Заметьте, никто из экономистов, манивших нас в обильный рынок, никто из политиков, звавших в демократию и цивилизованный мир, потом, когда надежды и ожидания большинства не сбылись, даже не подумали повиниться. Почему бы это? Ведь явно ошиблись. Нет, как раз не ошиблись: их личные надежды и ожидания исполнились с лихвой. А народ… Ну, знаете ли, все до одного богатыми стать не могут. Такова простая арифметика жизни. А равенство в бедности вам самим не нравилось. Вы же не хотите назад, в социализм? Да как сказать… В советскую школу, например, хочу.

Тут я должен сделать небольшое отступление. В моей жизни школа сыграла огромную роль. Собственно, благодаря ей я, мальчик из заводского общежития, из семьи, где поначалу имелась одна-единственная книга «О вкусной и здоровой пище», смог развиться в мыслящего человека и подготовиться к поступлению на литфак пединститута, став первым в нашем роду человеком с высшим образованием. Обе мои бабушки, рязанские крестьянки, были неграмотными. И я, пионер, организовал на дому ликбез, учил их по букварю читать и писать. Не очень, правда, успешно.

Вспоминая учителей моей 348-й школы, я могу сказать: у этих очень разных педагогов было одно общее качество – бескорыстие. Во всяком случае, мне они помогали совершенно бескорыстно, то есть даром. Покойная ныне директор нашей школы Анна Марковна Ноткина даже ходила со мной на вступительные экзамены, чтобы никто не обидел ее выпускника. Удивительная женщина! Но сначала немного о том, как я сам стал работать учителем.

В 27-й школе я получил девятый класс, где после трудового дня «догоняли» полное среднее образование люди разных возрастов и судеб. Были почти сорокалетние работяги, которым аттестат требовался, чтобы, скажем, получить должность мастера. Они относились к учению серьезно, слушали внимательно, занятия пропускали только по уважительной причине, перебрав в дни аванса и получки. Были юные шалопаи, их родители загнали в «вечерку», потому что в дневной школе они всех достали. Были и жертвы плана по повышению образовательного уровня рабочего класса, который спускали в предприятия из райкома. Эти прогуливали при каждом удобном случае, частенько приходили выпившими и дерзили. С ними я не связывался. Большинство учеников мало что помнили из курса восьмилетки, мы занимались в основном повторением и ликбезом, поэтому к урокам я особенно не готовился. Главное – «борьба за контингент». В случае злостных прогулов надо звонить начальнику нерадивого ученика, а то и в профком или даже в партком. Не помогает – ловить по месту жительства и взывать к совести. Каждый урок начинался допросом прогульщиков: почему пропустили уроки? Была у меня одна семейная пара лет тридцати.

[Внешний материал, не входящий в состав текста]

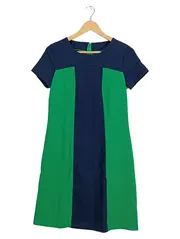 Vorschaubild 1 von Damen Freizeitkleid Gr. 34/XS Kurzarm Blau Grün Retro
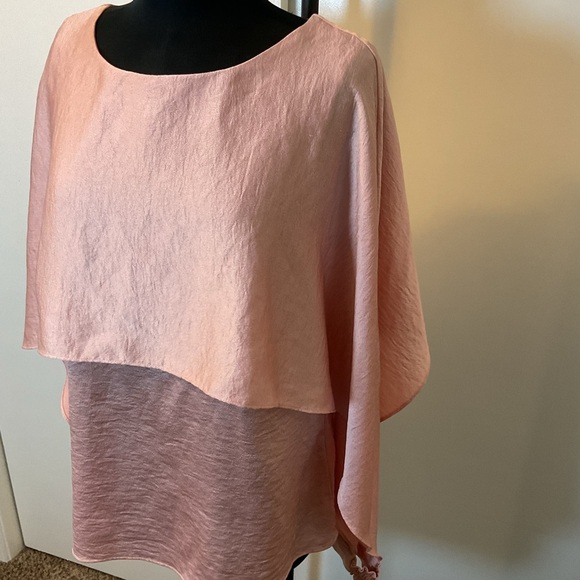 17. DKNY Pink Cape Overlay Crewneck Long Sleeve Blouse Size Large - Picture 6 of 8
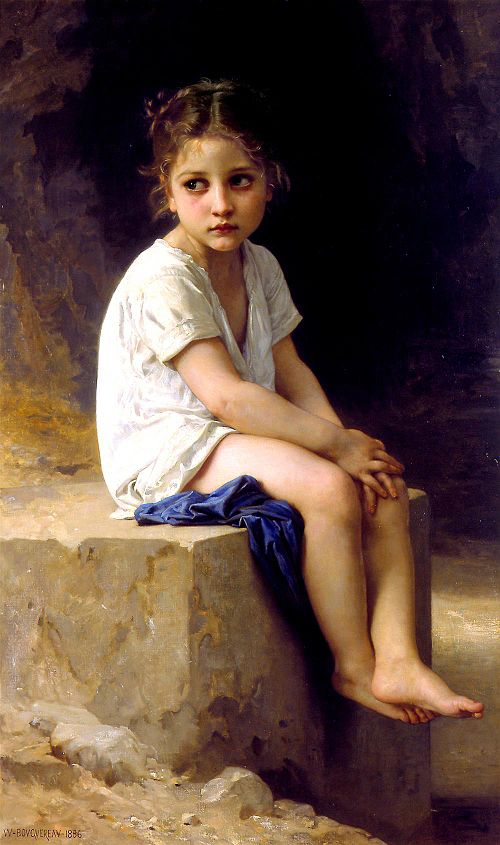 At the Foot of the Cliff, 1886, William-Adolphe Bouguereau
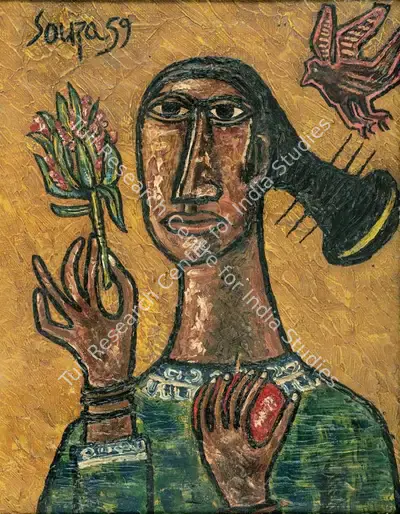 F.N. Souza (Artist), Untitled (Woman with Flower), 1959, Painting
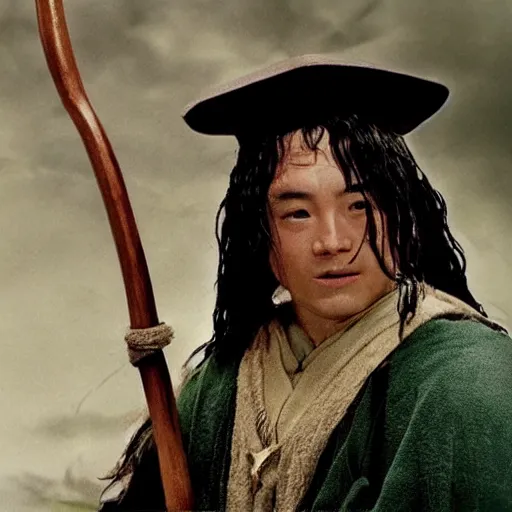 Image similar to a still from “ lord of the rings ” of a head and shoulders portrait of fei lung as a wizard with a hat and a wooden staff, photo by phil noto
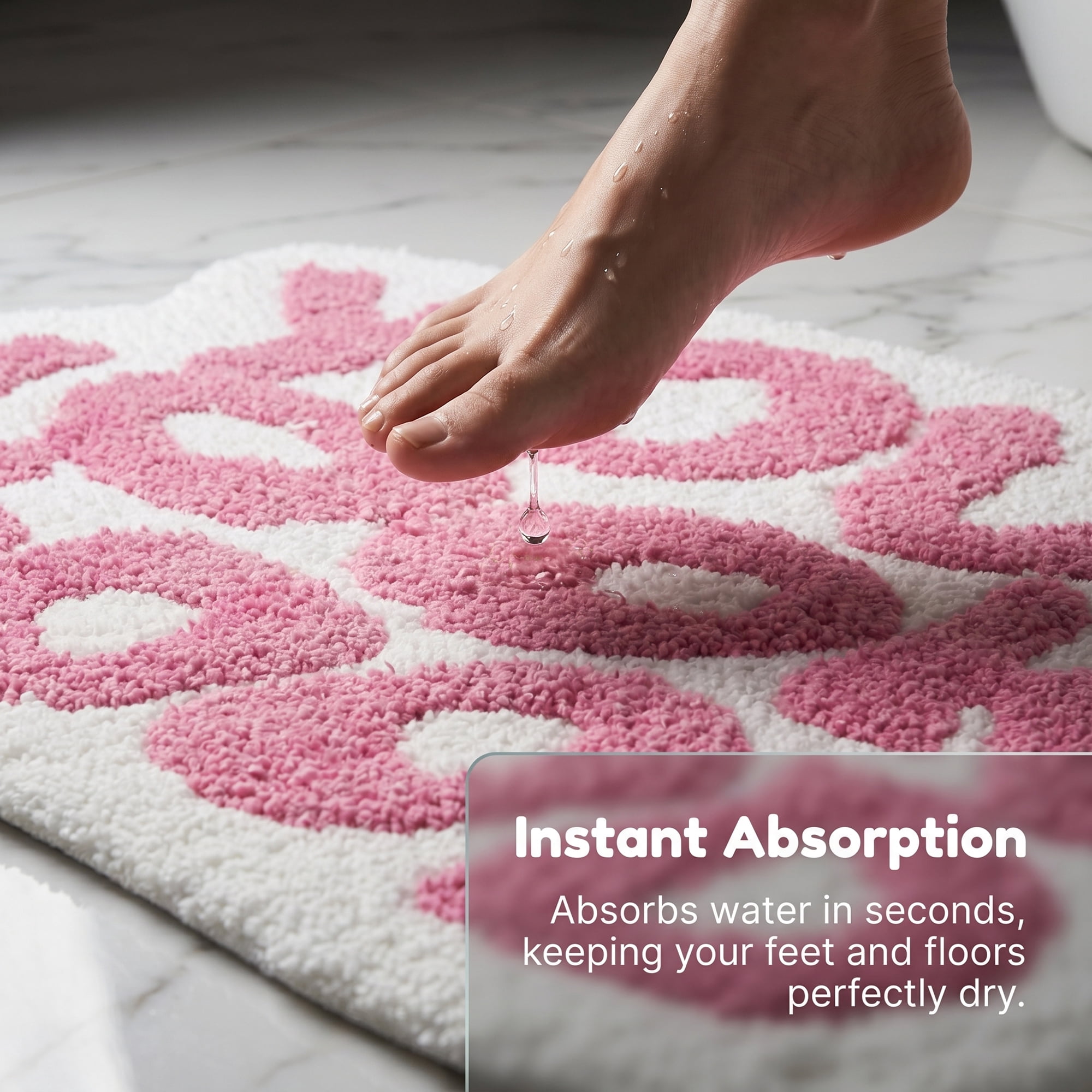 Unique Bargains Cat Aesthetic Irregular Shaped Absorbent Bath Mat Rose Red 25" x 21"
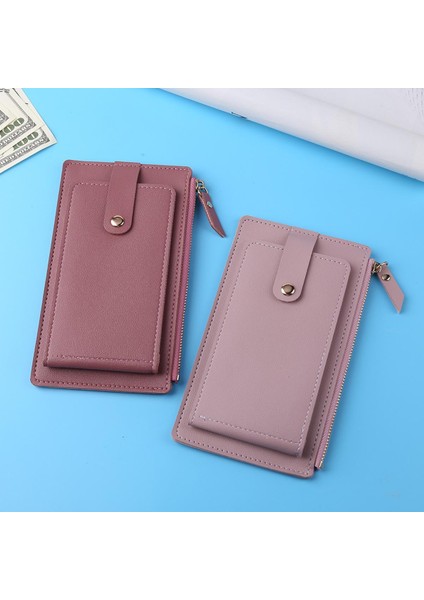 Kadın Çanta Fermuar Mini Pu Debriyaj Çanta Para Kredi Kartı Tutucu Moda Klasik Düz Renk Rahat Seyahat Çoklu Kart Pozisyonu (Yurt Dışından)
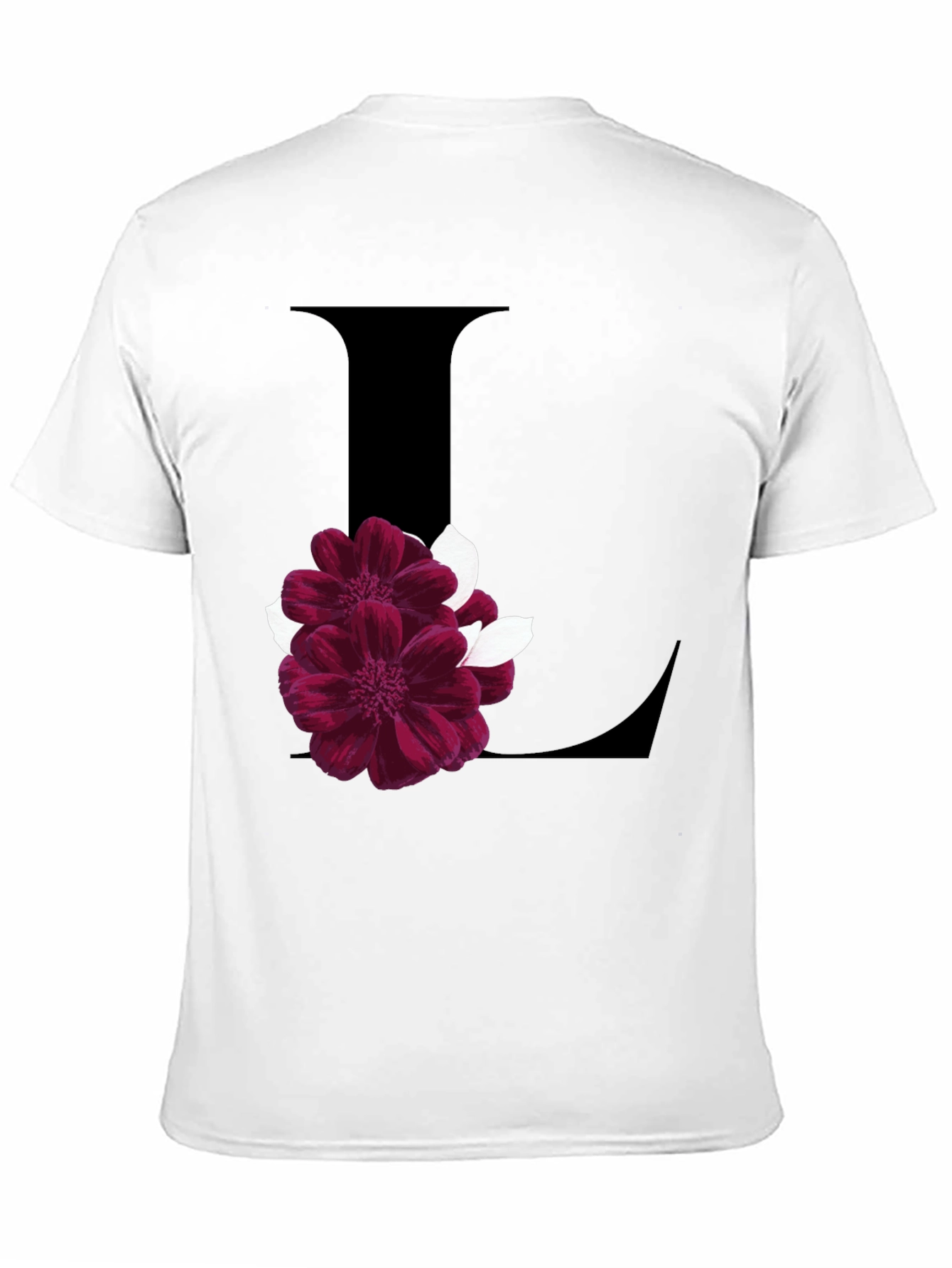 Floral Letter L Black T-Shirt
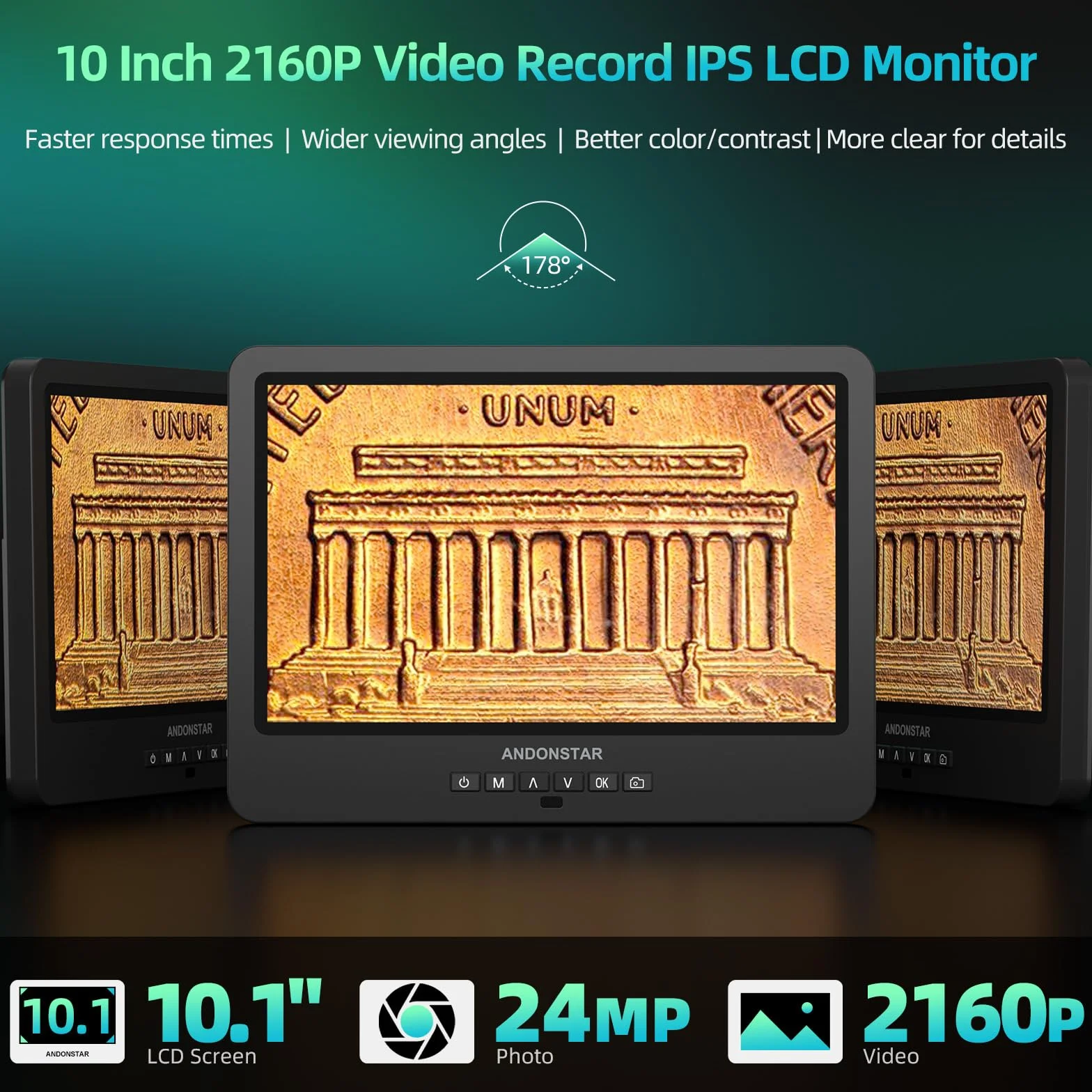 Andonstar AD249S-M Plus 10,1'' cyfrowy mikroskop lutowniczy HDMI do naprawy elektroniki, nagrywanie wideo 2000 x 3 obiektywy 2160P UHD, stacja mikroskopowa lutownicza z pomocnymi rękami, slajdy, karta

– Иванов, – строго спрашиваю. – Где ваша супруга?

– Отсутствует.

– Вижу что отсутствует. Не слепой. Почему?

– По уважительной причине. Можно, потом скажу?

– Нет уж… Говорите, чтобы все слышали!

– Аборт сделала…

Общий хохот, а я не знаю, куда глаза девать.

– Ну ладно… Бывает… А где Зелепукин? Где этот прогульщик?

– Перед армией все никак не нагуляется, стервец! – наябедничал кто-то.

– Сегодня же иду к нему на завод! Я ему покажу дорогу в страну знаний!

В общем, очень похоже на популярный в ту пору сериал «Большая перемена». С одной только разницей: ни в кого из учениц я, как герой ленты, тоже молодой педагог, не влюбился, хотя и видел, какой интерес питают к моей персоне молоденькие ткачихи и поварихи. Одна постоянно после уроков оставалась, чтобы задать мне вопросы по пройденному материалу, причем с каждым разом юбка становилась все короче, а вырез блузки – обширнее. Однажды утром, придя в учительскую, я услышал: сегодня ко мне на урок собирается директор школы Файнлейб, маленькая дама предпенсионного возраста – очень строгая. А у меня даже плана урока нет – собирался подбить какие-то хвосты. И вот я вхожу в класс, понимая, что впереди у меня серьезные неприятности. Класс притих, даже ученики, хватившие пивка перед уроком, стараются дышать куда-нибудь под парту. В заднем ряду сидит директриса, похожая на состарившуюся травести, всю жизнь игравшую строгих отличниц. Я беру мел, пишу на доске «На фронт ушедшие из школ…» и говорю:

– У нас сегодня свободный урок, а тема: «Подвиг советского народа в творчестве поэта-фронтовика Александра Межирова».

Класс облегченно вздыхает, я тоже – позориться перед начальством не придется. И тут же шпарю наизусть:

Повсеместно, где скрещены трассы свинца.